Fith Circuit Weighs in on Split Re Stay Pending Arbitrability Appeal
Per Weingarten Realty Investors v. Miller, --- F.3d ----, 2011 WL 5142183 (5th Cir. Nov. 1, 2011):
Whether an appeal from a denial of a motion to compel arbitration divests the district court of jurisdiction to proceed to the merits is the subject of a circuit split. The Second and Ninth Circuits have held that a stay is not automatic. In Britton, the court pointed out that normally, appellate review of a collateral order does not deprive the district court of jurisdiction to proceed to the merits. The court cited the determination in Moses H. Cone Memorial Hospital v. Mercury Construction Corp., 460 U.S. 1, 21, 103 S.Ct. 927, 74 L.Ed.2d 765 (1983), that because arbitrability is an issue easily separable from the merits of the underlying dispute, the district court could address the merits while the appellate court reviewed arbitrability. Additionally, the Britton court noted that an automatic stay would allow litigants to delay resolution of the matter by filing frivolous appeals. In the absence of an automatic stay, the district court nonetheless retains the power to determine, on a case-by-case basis, whether proceedings should be stayed until the appeal regarding arbitrability has been resolved.
The Seventh Circuit, later joined by the Third, Fourth, Tenth, and Eleventh, has held that a notice of appeal automatically stays proceedings in the district court. The Seventh Circuit reasoned in
Bradford–Scott Data Corp. v. Physician Computer Network, 128 F.3d 504 (7th Cir.1997),
that the underlying claims before the district court are not collateral
to the issue presented by an appeal, because the appeal is to determine
whether the matter should be litigated in the district court at all.

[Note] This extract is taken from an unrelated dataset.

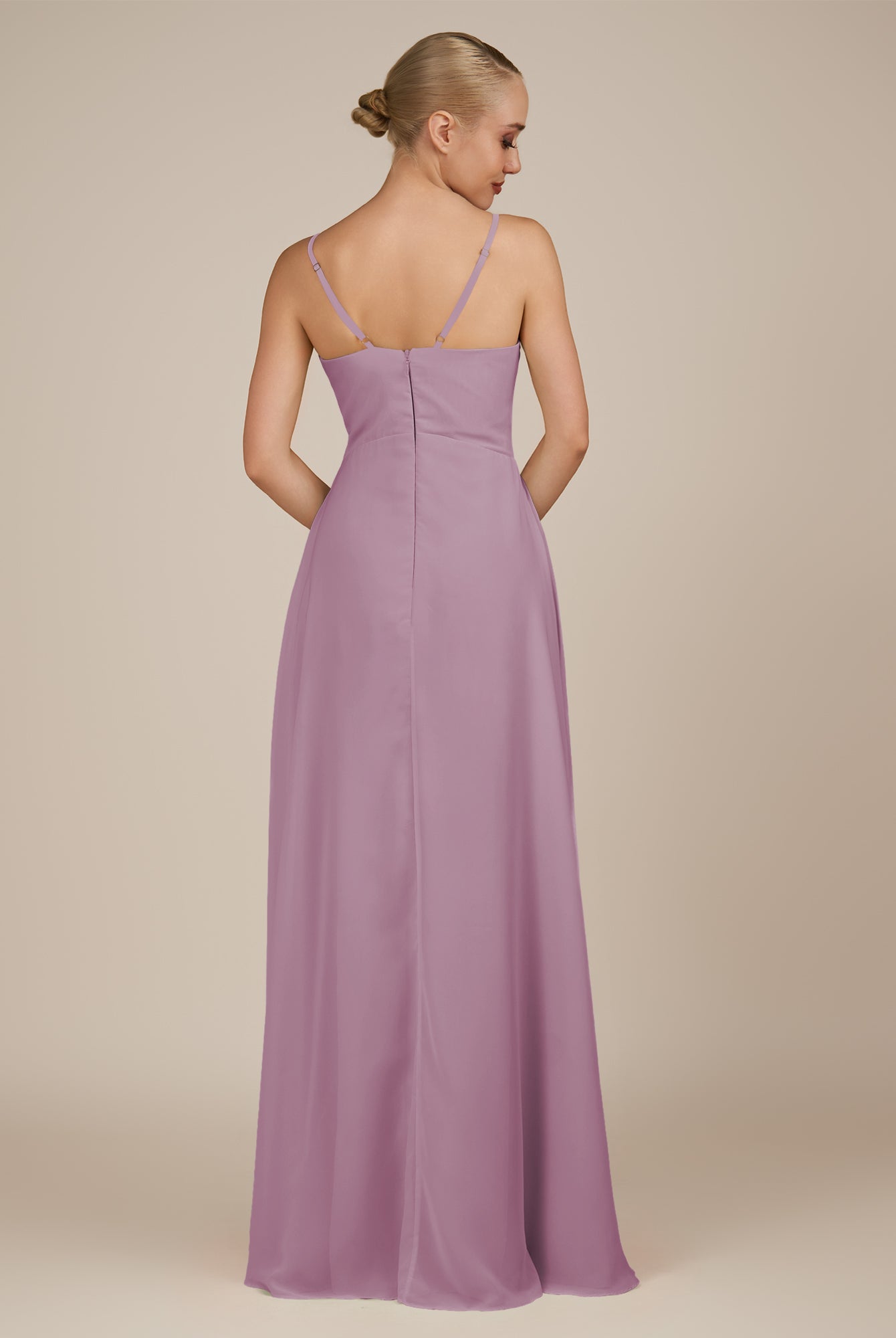 KissDress-Rhonda Wisteria Sheath Chiffon V Neck Ruffled Long Bridesmaid Dress with Slit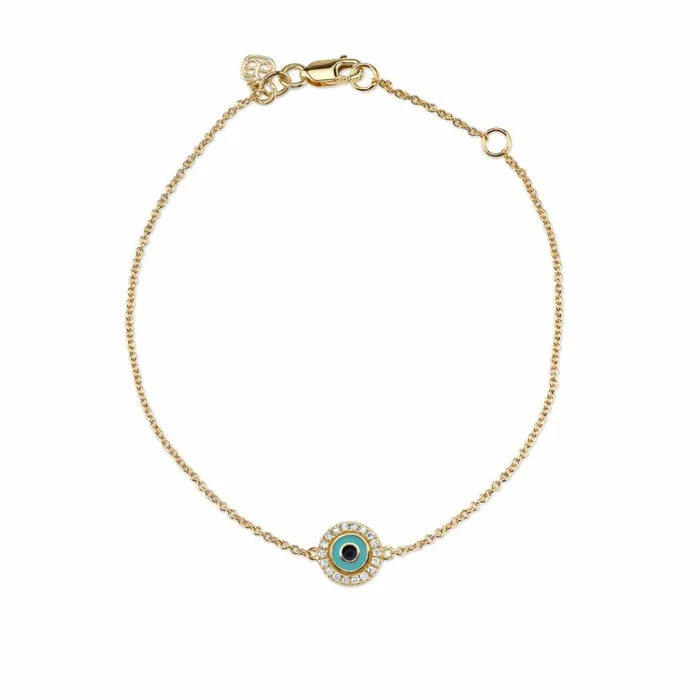 Sydney Evan Chain Bracelets Gold and Diamond Small Enamel Eye Bracelet 8211 Women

The court was worried about inconsistent handling of the case by the two
courts and was concerned that allowing simultaneous proceedings would
defeat the speed and cost benefits parties seek from arbitration.
Id. at 505. These courts analogize arbitrability appeals to appeals regarding double jeopardy, sovereign immunity, and qualified immunity,
see
id. at 506, reasoning that because a district court cannot
proceed past these issues when there are interlocutory appeals, it
similarly cannot proceed when arbitrability is appealed.
The legal debate turns on
Griggs v. Provident Consumer Discount Co., 459 U.S. 56, 103 S.Ct. 400, 74 L.Ed.2d 225 (1982).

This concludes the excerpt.